E o Brasil, com sua diversidade cultural, sendo um país de terras frutíferas, as alternativas nutricionais são imensas.

Porém, as infinitas opções nem sempre significam melhor qualidade nutricional. É importante entender como se alimentar bem e adaptar seu cardápio as suas necessidades. Confira as dicas abaixo com seu nutricionista:

10 PASSOS PARA UMA ALIMENTAÇÃO ADEQUADA E SAUDÁVEL (do Guia Alimentar para População Brasileira)

1 – Fazer de alimentos in natura ou minimamente processados a base da alimentação

Em grande variedade e predominantemente de origem vegetal, alimentos in natura ou minimamente processados são a base ideal para uma alimentação nutricionalmente balanceada, saborosa, culturalmente apropriada e promotora de um sistema alimentar socialmente e ambientalmente sustentável. Variedade significa alimentos de todos os tipos – grãos, raízes, tubérculos, farinhas, legumes, verduras, frutas, castanhas, leite, ovos e carnes – e variedade dentro de cada tipo – feijão, arroz, milho, batata, mandioca, tomate, abóbora, laranja, banana, frango, peixes etc.

2 – Utilizar óleos, gorduras, sal e açúcar em pequenas quantidades ao temperar e cozinhar alimentos e criar preparações culinárias

Utilizados com moderação em preparações culinárias com base em alimentos in natura ou minimamente processados, óleos, gorduras, sal e açúcar contribuem para diversificar e tornar mais saborosa a alimentação sem torná-la nutricionalmente desbalanceada.

3 – Limitar o consumo de alimentos processados

Os ingredientes e métodos usados na fabricação de alimentos processados – como conservas de legumes, compota de frutas, pães e queijos – alteram de modo desfavorável a composição nutricional dos alimentos dos quais derivam.
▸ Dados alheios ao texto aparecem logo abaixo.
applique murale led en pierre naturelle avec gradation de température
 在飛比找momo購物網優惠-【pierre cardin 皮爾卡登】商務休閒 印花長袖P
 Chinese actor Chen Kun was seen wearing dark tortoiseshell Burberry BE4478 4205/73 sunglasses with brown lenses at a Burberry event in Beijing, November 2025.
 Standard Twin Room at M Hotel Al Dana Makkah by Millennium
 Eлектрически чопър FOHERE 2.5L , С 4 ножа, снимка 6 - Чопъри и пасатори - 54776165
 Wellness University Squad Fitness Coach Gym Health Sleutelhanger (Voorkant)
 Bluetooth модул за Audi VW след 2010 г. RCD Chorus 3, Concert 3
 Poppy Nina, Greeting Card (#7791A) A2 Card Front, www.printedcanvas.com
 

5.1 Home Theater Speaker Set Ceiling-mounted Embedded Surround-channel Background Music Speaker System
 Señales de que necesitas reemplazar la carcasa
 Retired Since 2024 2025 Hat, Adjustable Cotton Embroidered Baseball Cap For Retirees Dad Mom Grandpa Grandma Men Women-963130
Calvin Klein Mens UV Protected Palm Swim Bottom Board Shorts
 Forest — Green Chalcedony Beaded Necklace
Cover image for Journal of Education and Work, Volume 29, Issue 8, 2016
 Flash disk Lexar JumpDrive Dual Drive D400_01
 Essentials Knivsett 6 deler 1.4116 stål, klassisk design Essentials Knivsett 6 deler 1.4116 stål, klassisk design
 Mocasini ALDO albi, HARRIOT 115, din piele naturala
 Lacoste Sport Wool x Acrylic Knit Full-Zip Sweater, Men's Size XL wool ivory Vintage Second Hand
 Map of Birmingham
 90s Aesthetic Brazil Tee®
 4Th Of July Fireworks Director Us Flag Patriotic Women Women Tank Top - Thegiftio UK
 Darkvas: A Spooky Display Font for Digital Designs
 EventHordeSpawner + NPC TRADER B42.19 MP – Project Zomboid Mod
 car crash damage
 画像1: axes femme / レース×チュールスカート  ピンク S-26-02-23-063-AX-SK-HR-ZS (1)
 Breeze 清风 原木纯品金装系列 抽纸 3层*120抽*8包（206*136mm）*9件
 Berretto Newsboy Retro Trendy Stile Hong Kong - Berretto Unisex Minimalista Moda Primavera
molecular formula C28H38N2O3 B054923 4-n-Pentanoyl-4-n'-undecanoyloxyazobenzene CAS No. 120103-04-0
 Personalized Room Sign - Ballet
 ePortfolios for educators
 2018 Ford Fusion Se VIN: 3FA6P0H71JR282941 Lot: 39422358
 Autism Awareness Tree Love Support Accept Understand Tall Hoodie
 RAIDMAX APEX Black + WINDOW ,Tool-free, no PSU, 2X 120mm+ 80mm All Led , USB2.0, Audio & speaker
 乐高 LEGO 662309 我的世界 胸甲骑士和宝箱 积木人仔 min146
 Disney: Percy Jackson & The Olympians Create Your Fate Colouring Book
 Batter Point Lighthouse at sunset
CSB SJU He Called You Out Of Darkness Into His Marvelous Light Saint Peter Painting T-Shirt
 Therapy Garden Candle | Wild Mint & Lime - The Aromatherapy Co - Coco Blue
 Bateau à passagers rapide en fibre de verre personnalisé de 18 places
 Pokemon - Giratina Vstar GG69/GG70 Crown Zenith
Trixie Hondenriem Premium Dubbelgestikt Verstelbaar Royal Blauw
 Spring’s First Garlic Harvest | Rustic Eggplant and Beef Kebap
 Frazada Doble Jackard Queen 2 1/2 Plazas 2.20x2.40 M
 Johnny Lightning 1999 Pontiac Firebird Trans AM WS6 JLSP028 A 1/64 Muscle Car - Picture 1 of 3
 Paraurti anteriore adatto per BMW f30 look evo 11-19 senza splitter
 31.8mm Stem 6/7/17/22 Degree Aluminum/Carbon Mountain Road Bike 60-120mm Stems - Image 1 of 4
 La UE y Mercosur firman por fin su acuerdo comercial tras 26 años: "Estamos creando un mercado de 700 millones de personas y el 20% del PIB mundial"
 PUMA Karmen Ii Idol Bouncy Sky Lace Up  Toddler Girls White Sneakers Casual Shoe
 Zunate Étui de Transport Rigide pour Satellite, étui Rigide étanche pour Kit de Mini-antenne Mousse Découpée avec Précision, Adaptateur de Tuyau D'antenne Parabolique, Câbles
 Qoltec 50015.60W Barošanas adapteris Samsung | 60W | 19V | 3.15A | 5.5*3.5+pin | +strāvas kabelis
Em pequenas quantidades, podem ser consumidos como ingredientes de preparações culinárias ou parte de refeições baseadas em alimentos in natura ou minimamente processados.

4 – Evitar o consumo de alimentos ultraprocessados

Devido a seus ingredientes, alimentos ultraprocessados – como biscoitos recheados, “salgadinhos de pacote”, refrigerantes e “macarrão instantâneo” – são nutricionalmente desbalanceados. Por conta de sua formulação e apresentação, tendem a ser consumidos em excesso e a substituir alimentos in natura ou minimamente processados. suas formas de produção, distribuição, comercialização e consumo afetam de modo desfavorável a cultura, a vida social e o meio ambiente.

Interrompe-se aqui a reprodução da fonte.